• **Work order**
The needed output is the run of lines below from the one containing "A screenshot from" through the one containing "logo design raccoon", copied exactly and free of pictures.

• **Material shown**
= = =

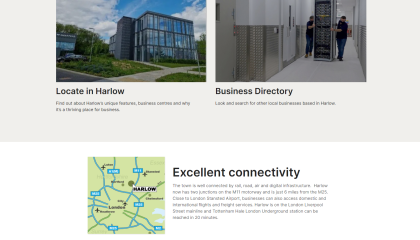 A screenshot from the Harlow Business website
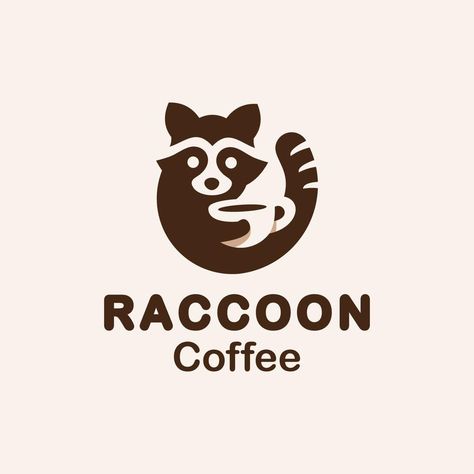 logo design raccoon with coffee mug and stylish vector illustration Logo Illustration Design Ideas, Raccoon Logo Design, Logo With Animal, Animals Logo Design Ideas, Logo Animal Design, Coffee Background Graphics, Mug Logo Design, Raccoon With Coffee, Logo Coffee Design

= = =

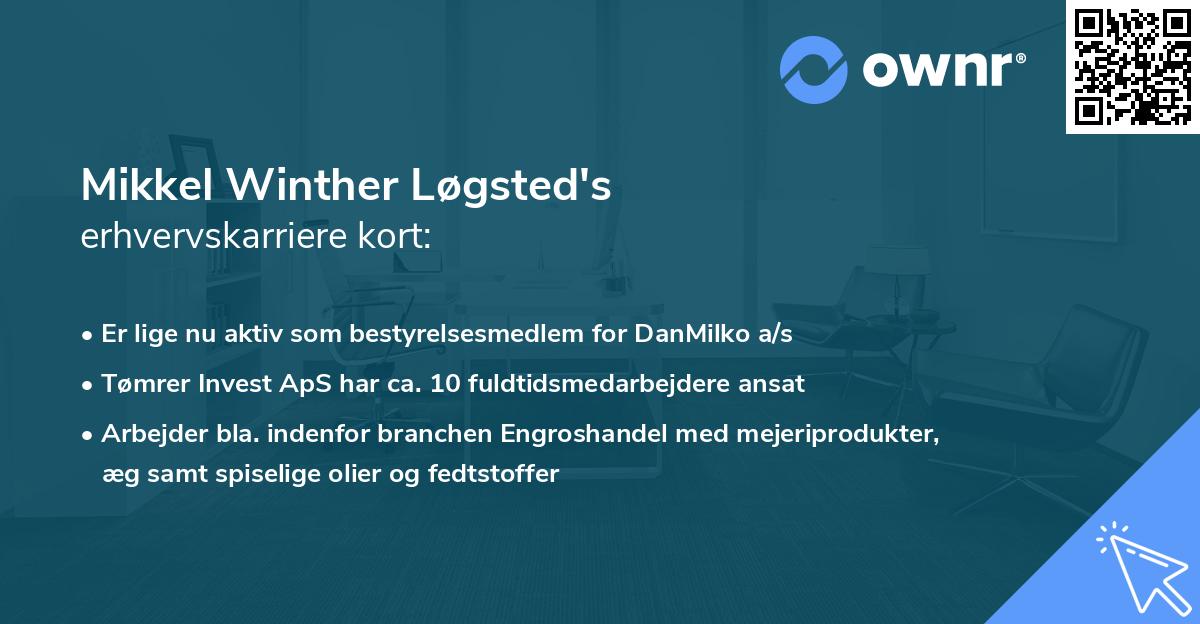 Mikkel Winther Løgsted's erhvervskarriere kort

= = =

• **Expected answer**
 A screenshot from the Harlow Business website
 logo design raccoon with coffee mug and stylish vector illustration Logo Illustration Design Ideas, Raccoon Logo Design, Logo With Animal, Animals Logo Design Ideas, Logo Animal Design, Coffee Background Graphics, Mug Logo Design, Raccoon With Coffee, Logo Coffee Design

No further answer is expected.